> Task goal
All of the data that follows should be retyped exactly, please, except the pictures.

> Dataset excerpt
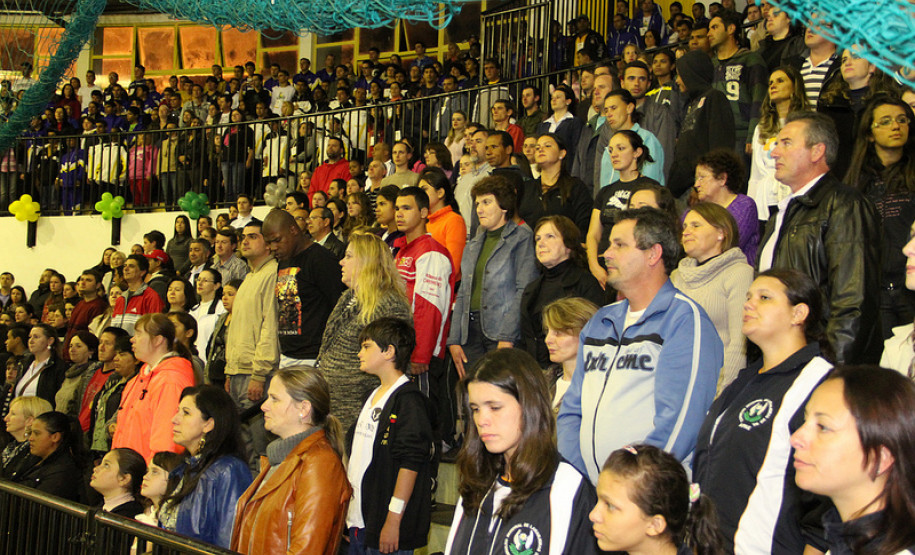 Arns prestigia abertura da Olimpíada das Apaes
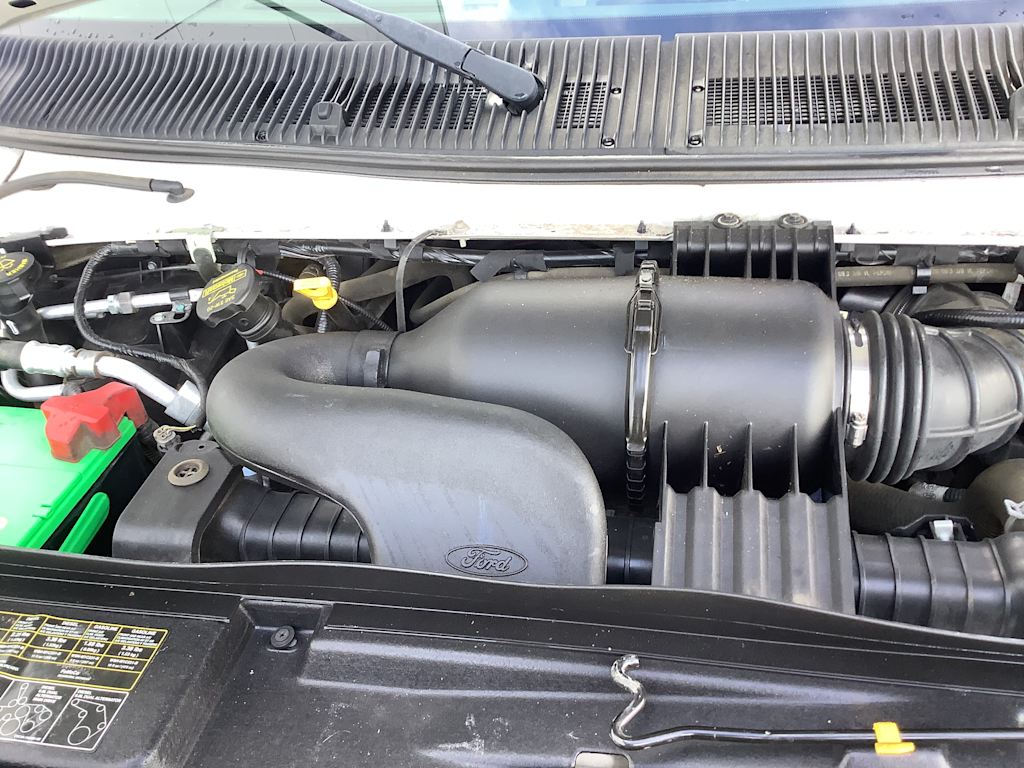 Thumbnail: 2014 Ford Econoline - 17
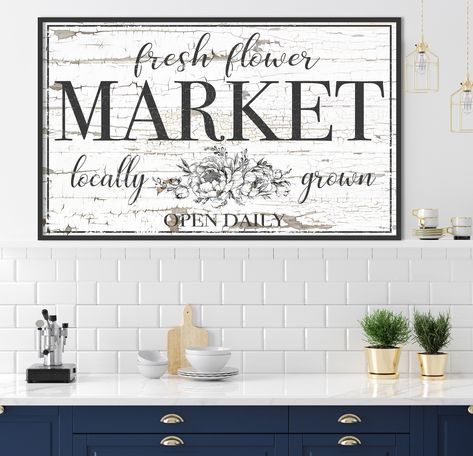 Flower Market Printable PRINTABLE WALL ART Art Print Farmhouse Sign Gift for Her Digital Download Instant Printable Poster Living Room Sign #prints #printables #digital #wallart #flowers #poster #farmhouse #homedecor #instant #decor #cottage #cottagedecor #farm Flower Market Sign, Spring Signs, Fresh Flower Market, Rustic Western Decor, Market Sign, Wall Decor Vintage, French Kitchen, Canvas Art Wall, Garden Signs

> Your solution
 Arns prestigia abertura da Olimpíada das Apaes
 Thumbnail: 2014 Ford Econoline - 17
 Flower Market Printable PRINTABLE WALL ART Art Print Farmhouse Sign Gift for Her Digital Download Instant Printable Poster Living Room Sign #prints #printables #digital #wallart #flowers #poster #farmhouse #homedecor #instant #decor #cottage #cottagedecor #farm Flower Market Sign, Spring Signs, Fresh Flower Market, Rustic Western Decor, Market Sign, Wall Decor Vintage, French Kitchen, Canvas Art Wall, Garden Signs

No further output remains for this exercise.